● **Assignment**: Write out every line of the material as it stands, apart from the pictures.

Top of Source data

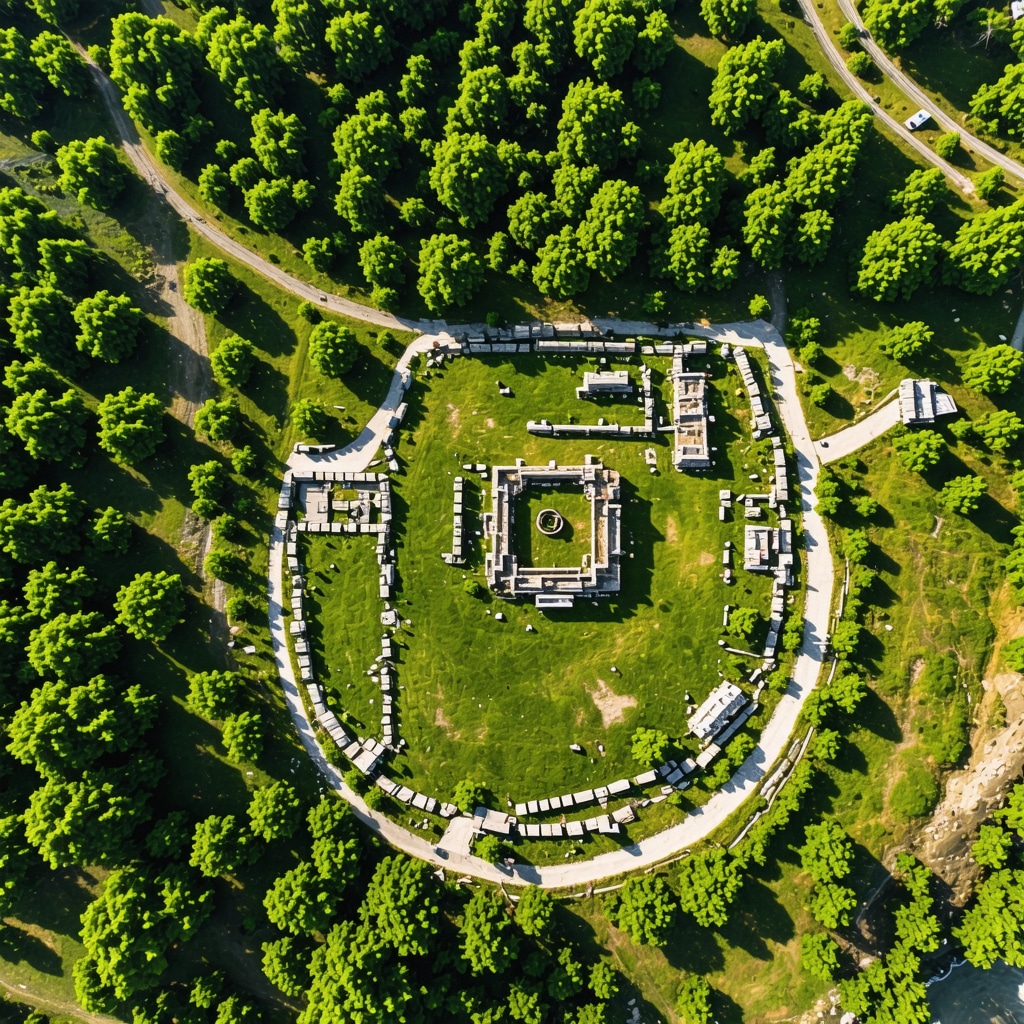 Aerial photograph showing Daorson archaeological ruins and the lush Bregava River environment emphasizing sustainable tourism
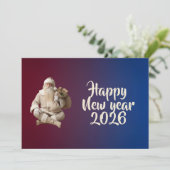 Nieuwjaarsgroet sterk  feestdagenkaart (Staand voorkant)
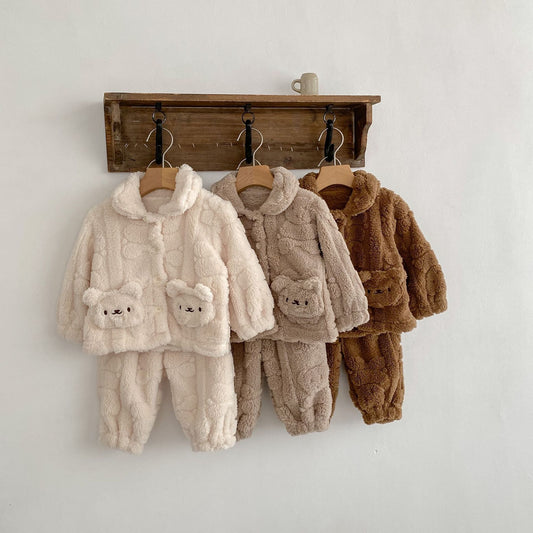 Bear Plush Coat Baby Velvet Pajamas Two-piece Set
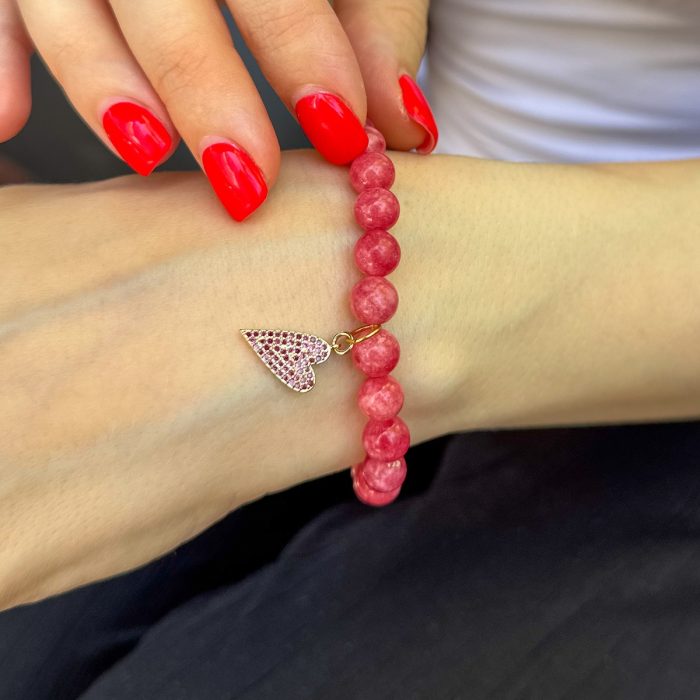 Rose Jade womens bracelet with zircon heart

Bottom of Source data

● **Answer**:
 Aerial photograph showing Daorson archaeological ruins and the lush Bregava River environment emphasizing sustainable tourism
 Nieuwjaarsgroet sterk  feestdagenkaart (Staand voorkant)
 Bear Plush Coat Baby Velvet Pajamas Two-piece Set
 Rose Jade womens bracelet with zircon heart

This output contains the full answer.